● WORK ORDER
Once you find the line below that has "Nissan Navara NP-300", output it and every line after it exactly, stopping after the line that has "A LOUER MAISON CHENNEVIERES-130 m²", with no pictures.

● INFORMATION GIVEN
[Start of section]

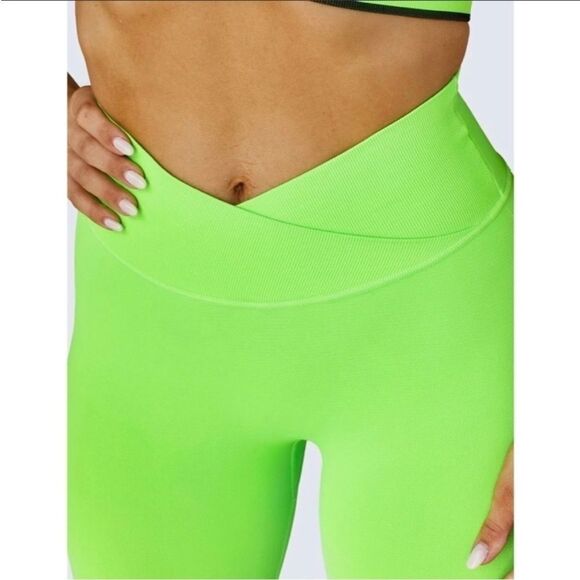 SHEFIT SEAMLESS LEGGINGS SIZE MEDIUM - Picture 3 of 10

[End of section]
[Start of section]

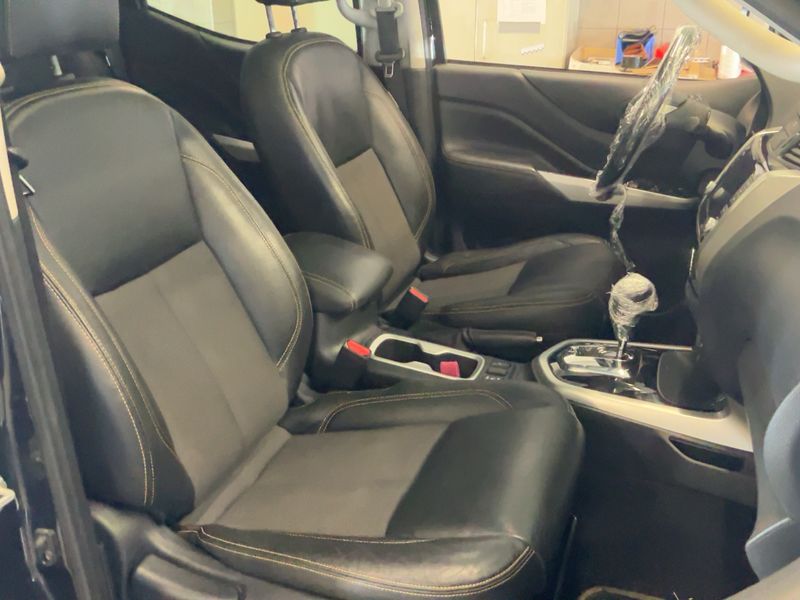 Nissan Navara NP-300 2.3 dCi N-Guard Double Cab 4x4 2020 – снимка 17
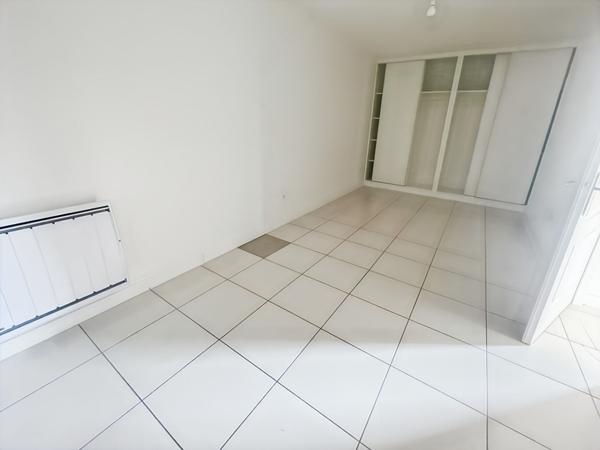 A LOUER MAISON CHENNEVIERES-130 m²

[End of section]

● SOLUTION TO THIS EXERCISE
 Nissan Navara NP-300 2.3 dCi N-Guard Double Cab 4x4 2020 – снимка 17
 A LOUER MAISON CHENNEVIERES-130 m²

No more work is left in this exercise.